[[ Dataset, beginning ]]
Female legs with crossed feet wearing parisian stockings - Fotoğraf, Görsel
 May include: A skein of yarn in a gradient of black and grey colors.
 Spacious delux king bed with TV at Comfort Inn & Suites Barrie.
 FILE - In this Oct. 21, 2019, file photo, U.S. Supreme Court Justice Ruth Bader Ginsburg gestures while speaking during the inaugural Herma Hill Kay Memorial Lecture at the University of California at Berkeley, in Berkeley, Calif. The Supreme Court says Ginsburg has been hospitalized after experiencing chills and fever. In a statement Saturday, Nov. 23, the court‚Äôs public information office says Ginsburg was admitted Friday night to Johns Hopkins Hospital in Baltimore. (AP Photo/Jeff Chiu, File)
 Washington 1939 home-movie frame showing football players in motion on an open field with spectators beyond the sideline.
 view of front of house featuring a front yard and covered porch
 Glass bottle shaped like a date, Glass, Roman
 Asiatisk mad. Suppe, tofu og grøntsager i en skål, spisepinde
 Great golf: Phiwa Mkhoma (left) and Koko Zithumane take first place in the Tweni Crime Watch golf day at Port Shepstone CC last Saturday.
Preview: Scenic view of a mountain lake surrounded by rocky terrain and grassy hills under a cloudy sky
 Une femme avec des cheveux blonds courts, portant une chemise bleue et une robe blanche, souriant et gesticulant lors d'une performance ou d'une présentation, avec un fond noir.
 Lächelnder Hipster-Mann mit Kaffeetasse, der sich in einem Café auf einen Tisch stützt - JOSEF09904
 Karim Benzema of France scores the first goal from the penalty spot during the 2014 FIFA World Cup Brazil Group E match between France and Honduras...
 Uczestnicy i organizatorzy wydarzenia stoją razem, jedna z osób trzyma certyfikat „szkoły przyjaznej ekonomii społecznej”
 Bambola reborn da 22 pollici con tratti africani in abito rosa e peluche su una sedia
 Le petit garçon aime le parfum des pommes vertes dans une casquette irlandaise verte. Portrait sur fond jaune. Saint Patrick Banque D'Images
[[ Dataset, end ]]
- **Instructions for the task**
Output every record exactly as written, with nothing dropped.

- **Solution**
Female legs with crossed feet wearing parisian stockings - Fotoğraf, Görsel
 May include: A skein of yarn in a gradient of black and grey colors.
 Spacious delux king bed with TV at Comfort Inn & Suites Barrie.
 FILE - In this Oct. 21, 2019, file photo, U.S. Supreme Court Justice Ruth Bader Ginsburg gestures while speaking during the inaugural Herma Hill Kay Memorial Lecture at the University of California at Berkeley, in Berkeley, Calif. The Supreme Court says Ginsburg has been hospitalized after experiencing chills and fever. In a statement Saturday, Nov. 23, the court‚Äôs public information office says Ginsburg was admitted Friday night to Johns Hopkins Hospital in Baltimore. (AP Photo/Jeff Chiu, File)
 Washington 1939 home-movie frame showing football players in motion on an open field with spectators beyond the sideline.
 view of front of house featuring a front yard and covered porch
 Glass bottle shaped like a date, Glass, Roman
 Asiatisk mad. Suppe, tofu og grøntsager i en skål, spisepinde
 Great golf: Phiwa Mkhoma (left) and Koko Zithumane take first place in the Tweni Crime Watch golf day at Port Shepstone CC last Saturday.
Preview: Scenic view of a mountain lake surrounded by rocky terrain and grassy hills under a cloudy sky
 Une femme avec des cheveux blonds courts, portant une chemise bleue et une robe blanche, souriant et gesticulant lors d'une performance ou d'une présentation, avec un fond noir.
 Lächelnder Hipster-Mann mit Kaffeetasse, der sich in einem Café auf einen Tisch stützt - JOSEF09904
 Karim Benzema of France scores the first goal from the penalty spot during the 2014 FIFA World Cup Brazil Group E match between France and Honduras...
 Uczestnicy i organizatorzy wydarzenia stoją razem, jedna z osób trzyma certyfikat „szkoły przyjaznej ekonomii społecznej”
 Bambola reborn da 22 pollici con tratti africani in abito rosa e peluche su una sedia
 Le petit garçon aime le parfum des pommes vertes dans une casquette irlandaise verte. Portrait sur fond jaune. Saint Patrick Banque D'Images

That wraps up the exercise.